§ Activity
All of the listing should be output exactly, apart from the pictures.

§ Dataset excerpt
BEGIN
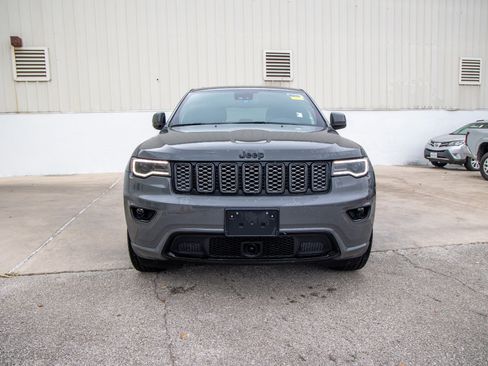 Used 2022 Jeep Grand Cherokee Laredo X image 3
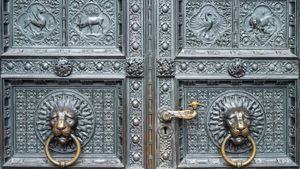 Eingangsbereich des Kölner Doms, Nordrhein‑Westfalen (© ALFSnaiper/Getty Images)(Bing Deutschland)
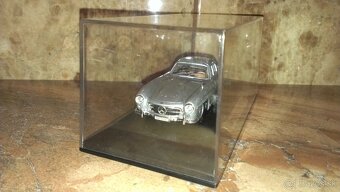 MERCEDES BENZ SL - James Bond Edition - 2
END
§ Solution to this exercise
 Used 2022 Jeep Grand Cherokee Laredo X image 3
 Eingangsbereich des Kölner Doms, Nordrhein‑Westfalen (© ALFSnaiper/Getty Images)(Bing Deutschland)
 MERCEDES BENZ SL - James Bond Edition - 2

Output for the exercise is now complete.